我正在尝试使用以下代码中的堆栈:http://www.geeksforgeeks.org/backtracking-set-3-n-queen-problem/
下面的代码通过回溯递归实现n皇后问题,它工作正常。我只需要使用堆栈而不是递归。我认为回溯算法是一个好主意,使用堆栈来创建递归。
任何帮助将不胜感激。
#define N 4
#include<stdio.h>
/* A utility function to print solution */
void printSolution(int board[N][N])
{
for (int i = 0; i < N; i++)
{
for (int j = 0; j < N; j++)
printf(" %d ", board[i][j]);
printf("\n");
}
}
/* A utility function to check if a queen can be placed on board[row][col]
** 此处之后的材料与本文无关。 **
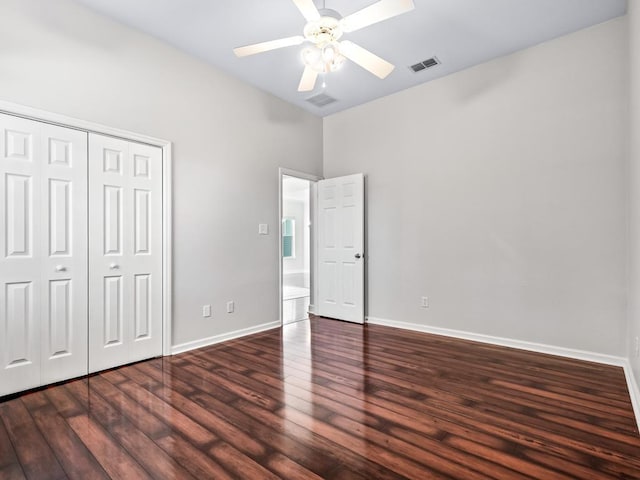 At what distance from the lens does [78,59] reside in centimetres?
284

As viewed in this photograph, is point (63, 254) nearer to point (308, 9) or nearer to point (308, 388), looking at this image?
point (308, 388)

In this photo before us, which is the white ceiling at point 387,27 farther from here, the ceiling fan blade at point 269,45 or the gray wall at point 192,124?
the ceiling fan blade at point 269,45

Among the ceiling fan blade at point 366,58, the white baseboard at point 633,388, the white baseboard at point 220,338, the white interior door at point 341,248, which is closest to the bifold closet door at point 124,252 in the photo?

Note that this function is called when "col" queens are already placeed
in columns from 0 to col -1. So we need to check only left side for
attacking queens */
bool isSafe(int board[N][N], int row, int col)
{
int i, j;
/* Check this row on left side */
for (i = 0; i < col; i++)
{
if (board[row][i])
return false;
}
/* Check upper diagonal on left side */
for (i = row, j = col; i >= 0 && j >= 0; i--, j--)
{
if (board[i][j])
return false;
}
/* Check lower diagonal on left side */
for (i = row, j = col; j >= 0 && i < N; i++, j--)
{
if (board[i][j])
return false;
}
return true;
}
/* A recursive utility function to solve N Queen problem */
bool solveNQUtil(int board[N][N], int col)
{
/* base case: If all queens are placed then return true */
if (col >= N)
return true;
/* Consider this column and try placing this queen in all rows
one by one */
for (int i = 0; i < N; i++)
{
/* Check if queen can be placed on board[i][col] */
if ( isSafe(board, i, col) )
{
/* Place this queen in board[i][col] */
board[i][col] = 1;
/* recur to place rest of the queens */
if ( solveNQUtil(board, col + 1) == true )
return true;
/* If placing queen in board[i][col] doesn't lead to a solution
then remove queen from board[i][col] */
board[i][col] = 0; // BACKTRACK
}
}
/* If queen can not be place in any row in this colum col
then return false */
return false;
}
/* This function solves the N Queen problem using Backtracking. It mainly uses
solveNQUtil() to solve the problem. It returns false if queens cannot be placed,
otherwise return true and prints placement of queens in the form of 1s. Please
note that there may be more than one solutions, this function prints one of the
feasible solutions.*/
bool solveNQ()
{
int board[N][N] = { {0, 0, 0, 0},
{0, 0, 0, 0},
{0, 0, 0, 0},
{0, 0, 0, 0}
};
if ( solveNQUtil(board, 0) == false )
{
printf("Solution does not exist");
return false;
}
printSolution(board);
return true;
}
// driver program to test above function
int main()
{
solveNQ();
getchar();
return 0;
}
答案 0 :(得分:0)
考虑到在每次递归时,您正在测试下一列。你已经在你的电路板上有一些堆栈,col是你的堆栈指针。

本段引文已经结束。